**DATA:**
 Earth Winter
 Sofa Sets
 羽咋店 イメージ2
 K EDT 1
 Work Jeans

...

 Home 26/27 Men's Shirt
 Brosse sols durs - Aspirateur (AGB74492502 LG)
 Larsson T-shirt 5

**WHAT YOU ARE ASKED TO DO:** Above are the records. Print exactly, and only, the lines from the line with "Brosse sols durs" to the line with "Larsson T-shirt 5", both inclusive.

**YOUR RESPONSE:**
 Brosse sols durs - Aspirateur (AGB74492502 LG)
 Larsson T-shirt 5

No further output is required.